RECORDED DATA:
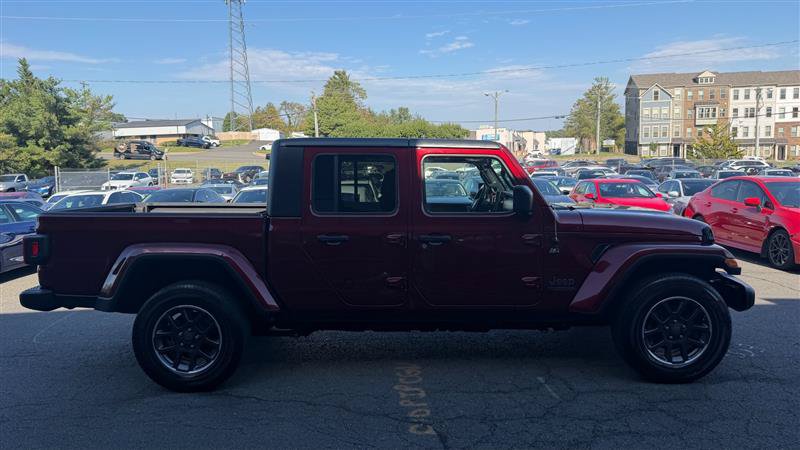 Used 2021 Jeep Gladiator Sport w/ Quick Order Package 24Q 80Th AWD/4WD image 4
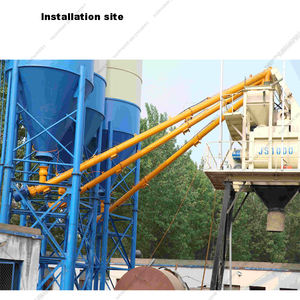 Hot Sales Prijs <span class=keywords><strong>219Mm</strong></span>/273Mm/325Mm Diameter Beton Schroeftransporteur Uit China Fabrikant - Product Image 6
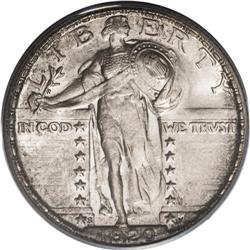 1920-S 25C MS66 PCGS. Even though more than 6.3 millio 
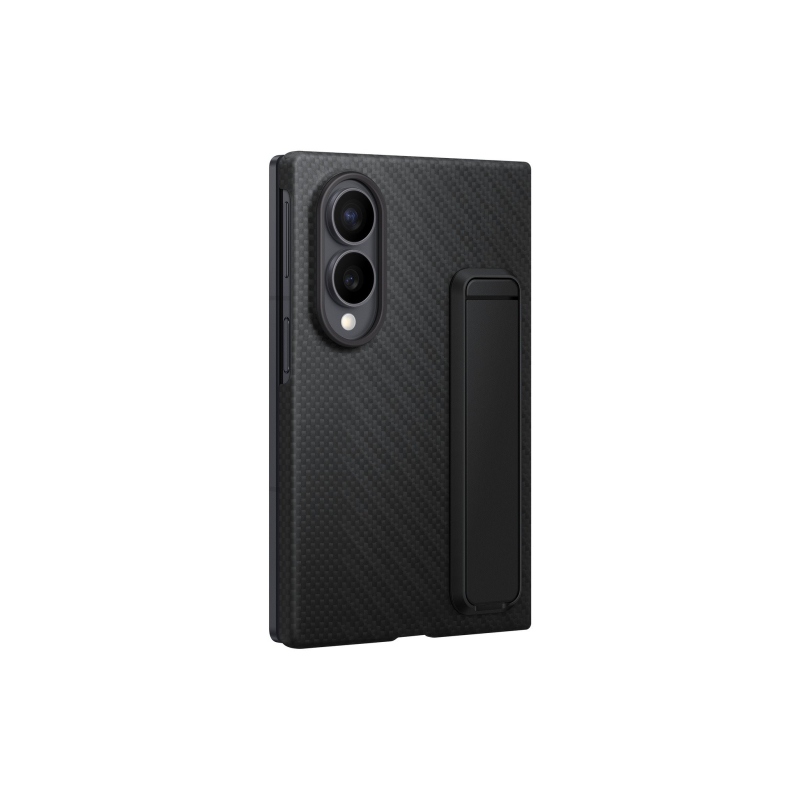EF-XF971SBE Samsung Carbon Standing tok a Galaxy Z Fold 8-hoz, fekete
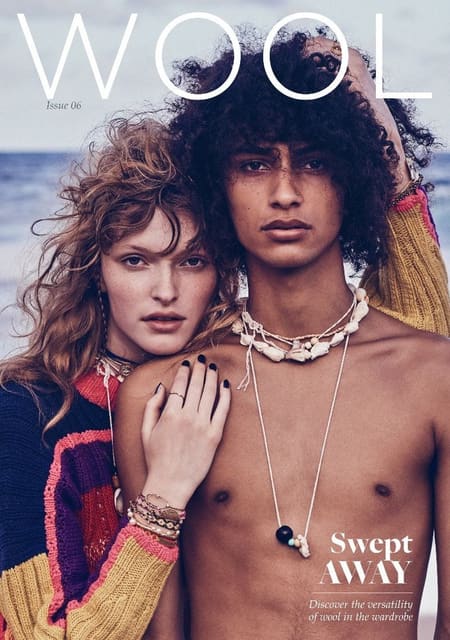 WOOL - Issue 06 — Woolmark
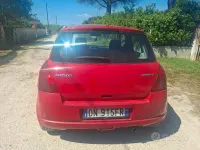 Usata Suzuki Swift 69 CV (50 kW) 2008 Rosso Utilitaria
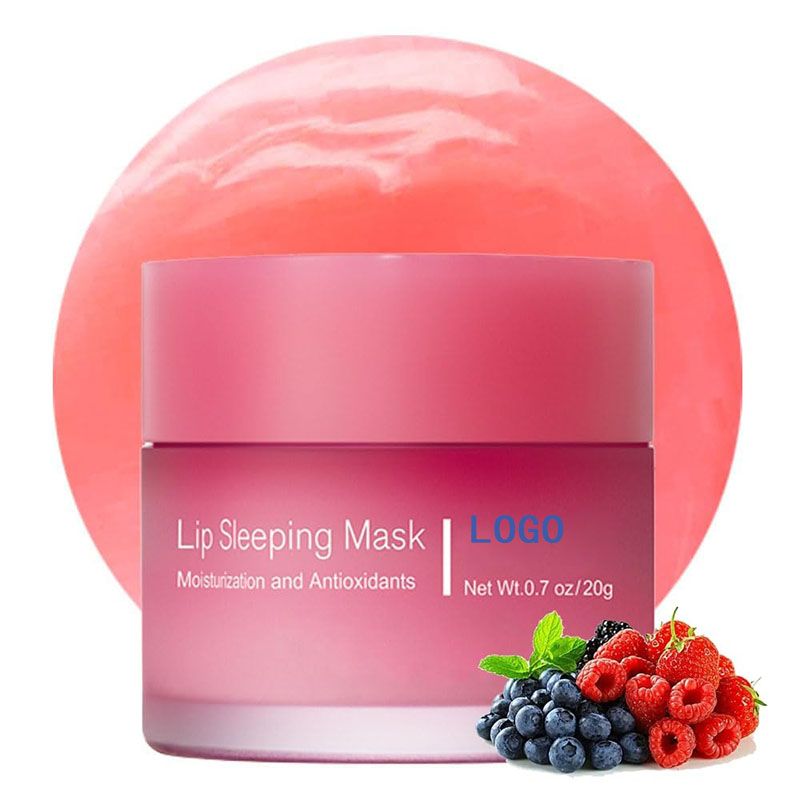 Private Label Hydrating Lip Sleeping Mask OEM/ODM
* * *
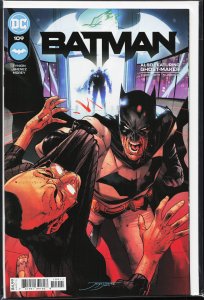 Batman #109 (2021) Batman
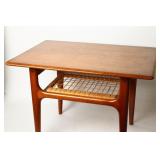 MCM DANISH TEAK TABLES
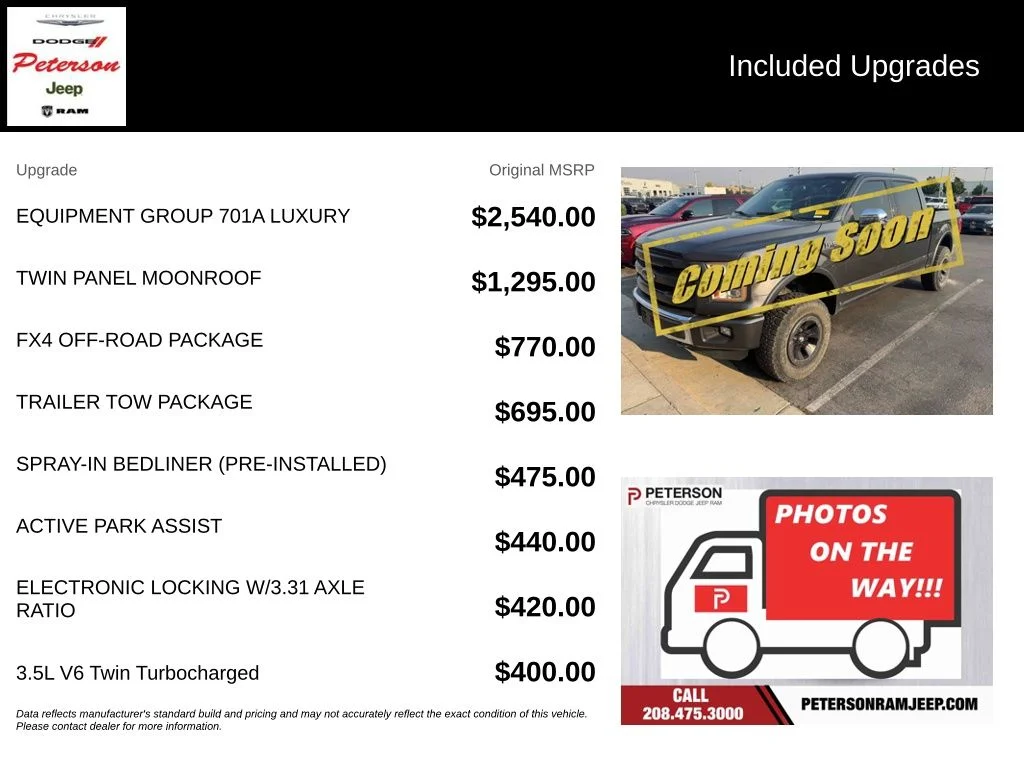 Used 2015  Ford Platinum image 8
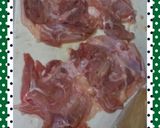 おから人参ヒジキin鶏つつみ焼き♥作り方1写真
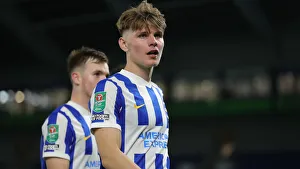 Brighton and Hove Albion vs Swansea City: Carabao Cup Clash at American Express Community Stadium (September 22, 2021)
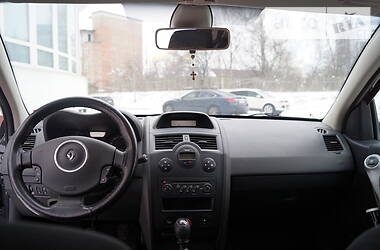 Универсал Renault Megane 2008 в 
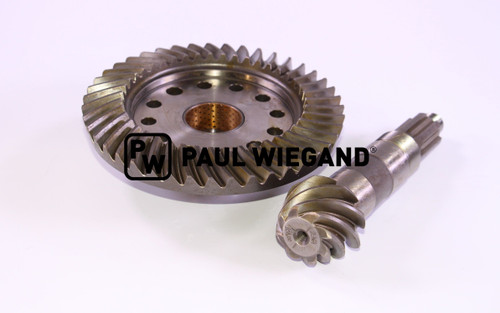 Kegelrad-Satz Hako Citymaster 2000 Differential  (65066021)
---
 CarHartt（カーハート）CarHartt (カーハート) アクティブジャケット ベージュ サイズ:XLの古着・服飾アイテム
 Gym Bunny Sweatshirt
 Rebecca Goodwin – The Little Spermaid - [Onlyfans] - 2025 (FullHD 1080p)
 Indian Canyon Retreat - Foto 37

EXERCISE BRIEF:
Within the material above, extract exactly the lines that start at the line containing "Rebecca Goodwin –" and stop after the line containing "Indian Canyon Retreat - Foto 37", and only those.

RESULT BELOW:
 Rebecca Goodwin – The Little Spermaid - [Onlyfans] - 2025 (FullHD 1080p)
 Indian Canyon Retreat - Foto 37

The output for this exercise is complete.